Monday, November 7, 2011

Repost: Some Hashish, a Bouzouki, and the Blues...


By 1922, approximately two millions Greeks had come to Greece - Greeks who had never lived in Greece.  They came from Anatolia, where most had comfortable, if not rich, lives.  Many arrived in refugee settlements in Athens and Thessaloniki, with only what they could carry.  One of them was my grandmother.

Outcast, in a strange country where they were not particularly welcomed, they played music with lyrics that reflected their pain, poverty, political oppression, violence, drug abuse, and betrayal, along with the usual unrequited love and sorrows of everyday life.  This music was the music of the Greek underground, originating in the hashish dens of Athens and Thessaloniki, and eventually it merged with other strains of folk music.  It is rembetiko – the Greek blues.

Along with them these refugees brought Turkish traditions – hashish dens and tekedes, which were underground cafes.  The earliest rembetiko musicians were often itinerants, criminals, and ex-prisoners.  They would smoke from hookahs and improvise on their bouzoukia, a type of lute.  Eventually rembetiko moved from the slums into mainstream nightclubs and tavernas and became very popular. 

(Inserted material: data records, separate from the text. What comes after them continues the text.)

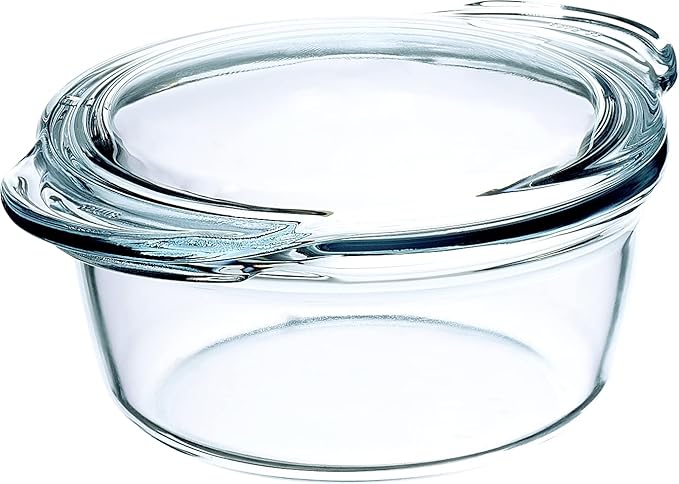 Simax Casserole Dish with Lid, Glass Casserole Dish, Holds 48 Oz (1.5 Quarts), Oven to Table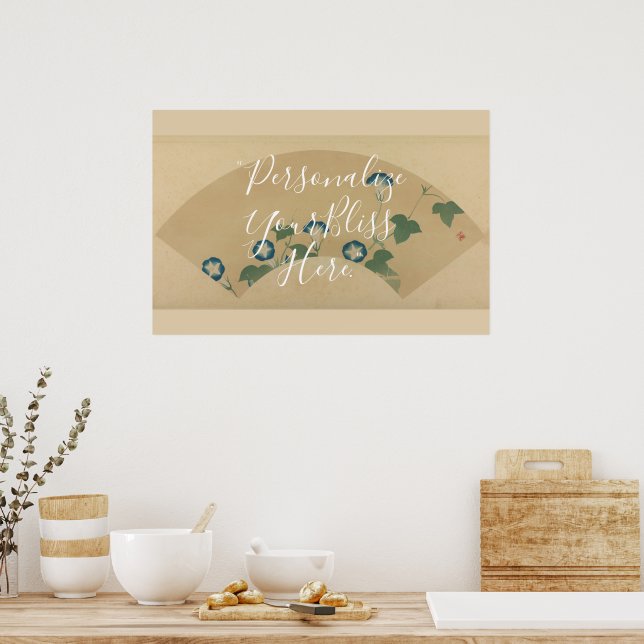 Poster CUSTOM Rinpa School Morning Glory Fan Pattern Art  (Cozinha)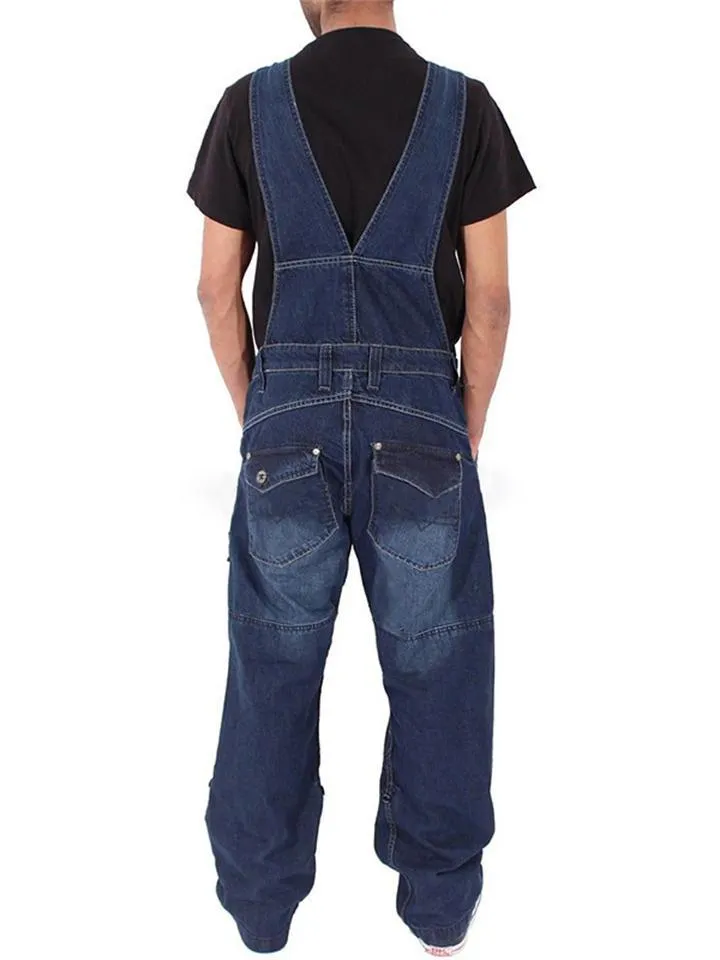 Simple Multi-Pocket Loose Wash-Effect Denim Jumpsuit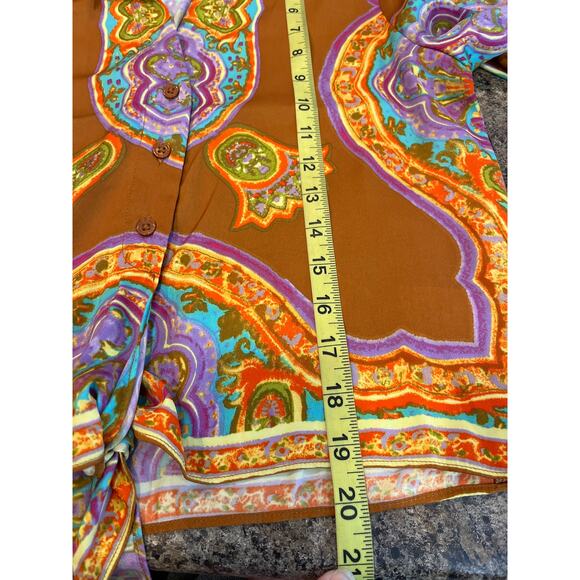 Rachel Zoe XS V Neck Goldish Brown Purple Geometric Print Blouse - Picture 7 of 7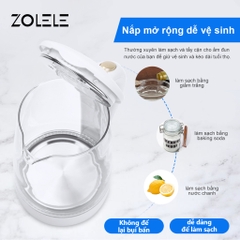 Bình đun siêu tốc 2 lít Zolele ZH101, Bình thủy tinh
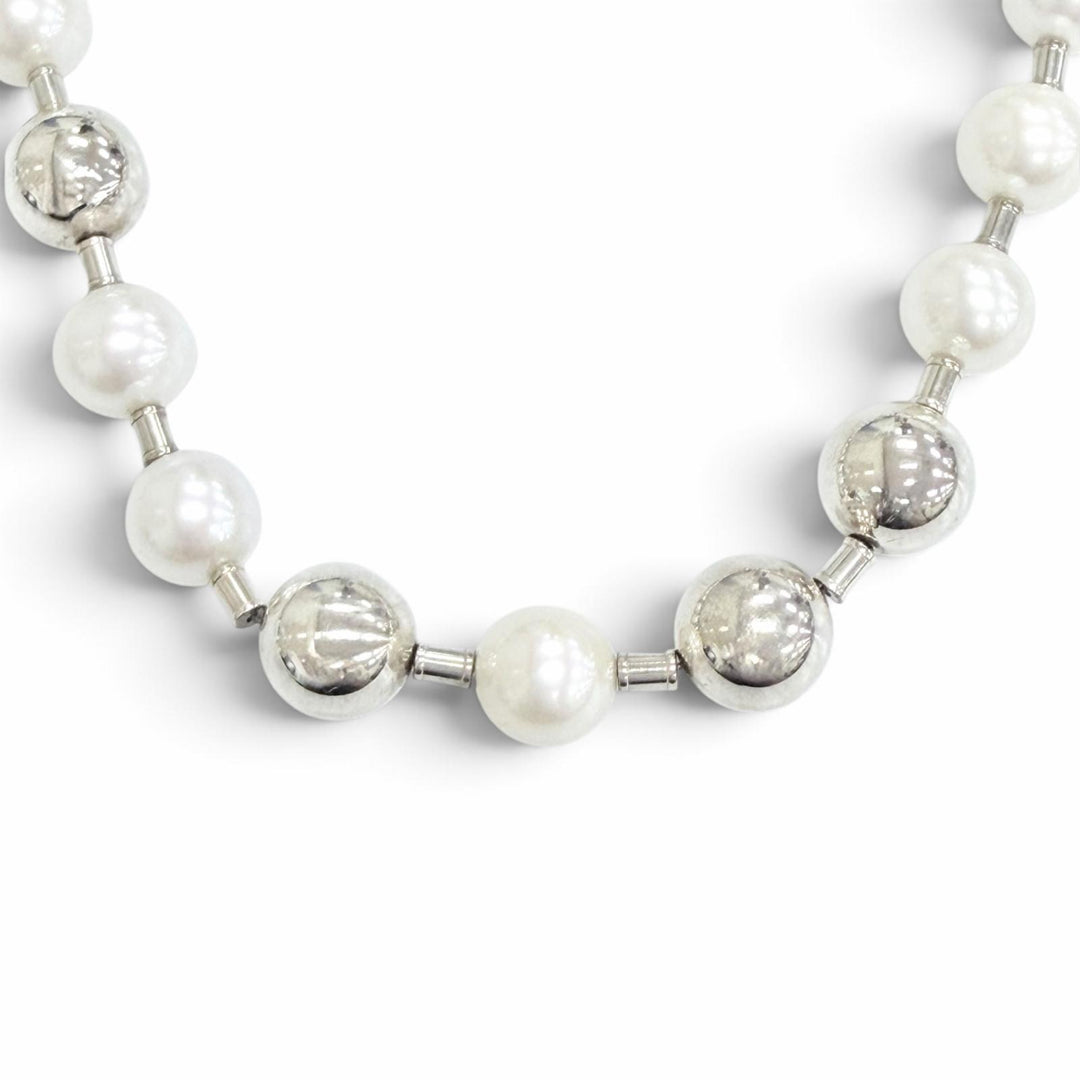 Excellent TIFFANY&Co. Hardware Freshwater Pearl Ball Necklace Choker AG925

Because of the lyrics, rembetiko was repressed by the Metaxas dictatorship in 1936, and hashish dens and bouzoukia were outlawed.  During the German occupation and the Greek Civil War all songs with references to disreputable or criminal activities, including drug use, were not recorded, but most likely still played.  The suppression seemed good for it, and when rembetiko came out of the closet afterward it was much stronger.  New innovations were added, notably by musician Manolis Chiotis.  He added foreign influences, and most importantly began using the new four-string bouzouki, instead of the traditional three-stringed instrument.

The bouzouki was perhaps the most universally important contribution to the music world.  Once introduced into Irish music, it became very popular.  It also indirectly influenced American guitar playing.  Dick Dale, arguably the father of surf music, played a staccato style on his electric guitar that he learned from his uncle, a bouzouki player.  Dale’s friend, Leo Fender, built an amplifier for Dale to augment the sound of his playing.  The rest, as they say, is electric guitar history.

In the 50s, rembetiko gave way to the laika style of music, a broader style of popular music that included songs with the bouzouki.  Around 1960, a rembetiko revival began as musicians sought to record some of the early songs.  Then, in the 70s, 78 rpm LPs were reissued and many are still available on CDs.  There was interest in recapturing the original stylings.  The songs’ associations with political conflict added to the public interest, as people were protesting and resisting the military dictatorship of the Junta years (1967-1974).  Rembetiko lyrics, though often not openly political, still smacked of subversion and rebellion.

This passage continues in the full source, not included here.